Der Jakobsweg – ein Weg der Verwandlung
Aus dieser Erfahrung wuchs in mir eine Sehnsucht nach mehr. Mir war klar, dass ich nicht mehr so weitermachen konnte wie bisher. Also traf ich eine radikale Entscheidung: Ich kündigte meinen Job, lagerte mein Hab und Gut ein und machte mich auf den Jakobsweg. Neun Monate war ich unterwegs. Was zunächst mein persönlicher Weg war, wurde zu einem gemeinsamen Weg – ein Weg der Begegnung und der Nächstenliebe.
Unterwegs erlebte ich, wie ein Friede, eine Liebe in mir wuchs, wie Dinge heilten: in der Stille der Kirchen, im Gebet vor dem Tabernakel, wie mir vergeben wurde, wie ich vergeben und neu anfangen durfte und wie ich Lasten losließ. Ich legte vieles, ja alles, in Gottes Hände. Praktiken meines Glaubens, die ich früher wie aus Gewohnheit vollzogen hatte, wurden auf einmal lebendig. Meine Sehnsucht nach Jesus wurde so groß, dass ich schließlich fast täglich die Heilige Messe besuchte. Ich lernte, dass Nächstenliebe Schicht für Schicht tiefer geht – immer noch ein kleines bisschen mehr.
Leben in seiner Gegenwart
Heute sehe ich mein Leben als ein Angebot. Ich möchte das Evangelium nicht nur für mich selbst lebendig halten, sondern auch für andere erfahrbar machen – soweit, wie ich es verstanden habe.
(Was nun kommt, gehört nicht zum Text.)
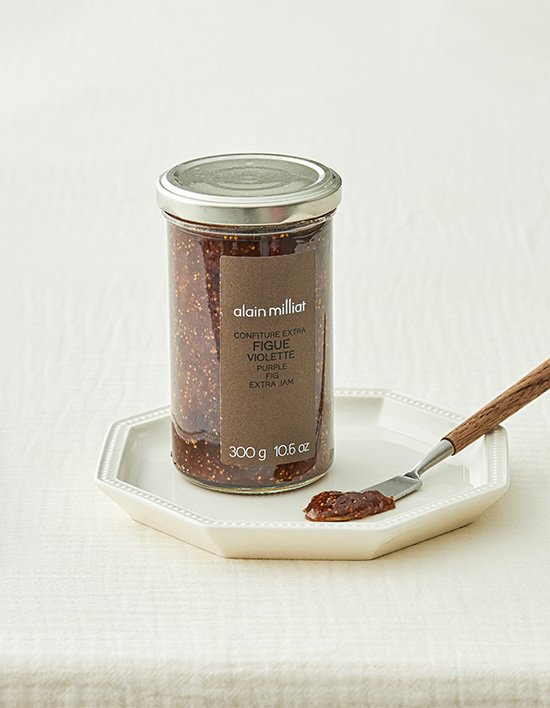 상품-대표-이미지 1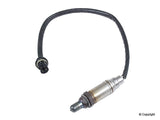 Bosch Oxygen Sensor 5406217-BOS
Die Sakramente der Kirche und der geistliche Reichtum der katholischen Tradition sind für mich wie eine Werkzeugkiste mit Werkzeugen, die mir helfen, im Glauben zu wachsen. Hier habe ich Heimat gefunden.
Vieles hat sich seitdem verändert. Aber was mich trägt, ist das Vertrauen darauf, dass Jesus mir nahe ist und mich führt. Was bleibt, ist meine Sehnsucht – nach einer noch tieferen, lebendigeren Beziehung mit ihm. Denn wahrhaft lebendig wird das Leben erst in seiner Gegenwart.